GNNAdvisor: An Efficient Runtime System for GNN Acceleration on GPUs

[Paper, Slides, Video Talk] at USENIX OSDI'21

@inproceedings{GNNAdvisor,
title={GNNAdvisor: An Efficient Runtime System for GNN Acceleration on GPUs},
author={Yuke Wang and Boyuan Feng and Gushu Li and Shuangchen Li and Lei Deng and Yuan Xie and Yufei Ding},
booktitle={USENIX Symposium on Operating Systems Design and Implementation (OSDI'21)},
year={2021}
}

1. Getting Started Instructions.

Clone this project

git clone --recursive git@github.com:YukeWang96/OSDI21_AE.git

Hardware:
- CPU x86_64 with host memory >= 32GB. (Tested on Intel Xeon Silver 4110 (8-core 16-thread) CPU with 64GB host memory).
- NVIDIA GPU (arch>=sm_60) with devcie memory >= 16GB. (Support NVIDIA Quadro P6000 (sm_61), Tesla V100 (sm_70), and RTX3090 (sm_86).
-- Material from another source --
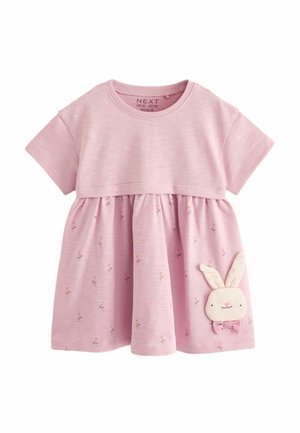 Vestito rosa a maniche corte con corpetto tinta unita e gonna plissettata con stampa floreale. Presenta un'applicazione morbida a forma di coniglio con un fiocco sul lato.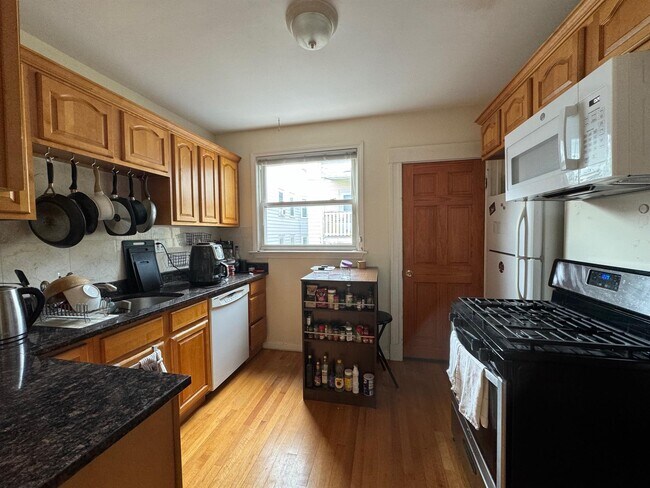 Foto del edificio - 33 Magnus Ave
Note that upon creating this artifact, we mainly evaluate our design on RTX3090. The execution time may be different across different devices but the overall trend of performance (speedup) is similar.
OS & Compiler:
- Ubuntu 16.04+
- gcc >= 7.5
- cmake >= 3.14
- CUDA >= 11.0 and nvcc >= 11.0
Important Files/Directories
- dgl_baseline/: contains latest DGL implementation and python benchmark and result analysis scripts.
- pyg_baseline/: contains latest PyG implementation and python benchmark and result analysis scripts.
- Gunrock/: contains latest Gunrock implementation of SpMM kernel for neighbor aggregation and python benchmark script.
- Docker/: contains docker file for setting up the compilation and running environment.
  - cu102/: dockerfile for sm < 80, such as Quadro P6000 and Tesla V100.
  - cu110/: dockerfile for sm >= 80, such as RTX 3090.
- rabbit_module/: contains the source of rabbit reordering and python binding.
- GNNAdvisor/: the directory for GNNAdvisor and Python benchmark and result analysis scripts.
  - GNNConv/: the C++/CUDA source code (GNNAdvisor_kernel.cu) for GNN sparse computation kernel, python binding of kernels (GNNAdvisor.cpp) and python setup.py installation script.
  - gnn_conv.py: the Python script for defining the GNN convolution at high-level.
  - param.py: the Python script for defining the input-level properties and different rules for handling this properties to generate performance-related configuration, such as warpPerBlock.
  - dataset.py: the Python loader for datasets from either plain .txt edgeList files or binary .npy file.
  - ./s7-4_1_neighbor_partitioning.py, ./s7-4_2_dimension_partitiong.py, ./s7-4_3_node_renumbering.py and ./s7-5_1_hidden_dimension.py are for running additional studies in our paper.
- unitest.py: the Python script for verifying our basic sparse kernel.
- osdi-ae-graphs/ containts the .npy files for all three Types of datasets.
- osdi-ae-graphs-mtx/ containts the plain .mtx files for the Type III datasets for Gunrock SpMM kernel evaluation.

Step-1: Environment Setup

There are two ways to setup the environment of GNNAdvisor and baselines.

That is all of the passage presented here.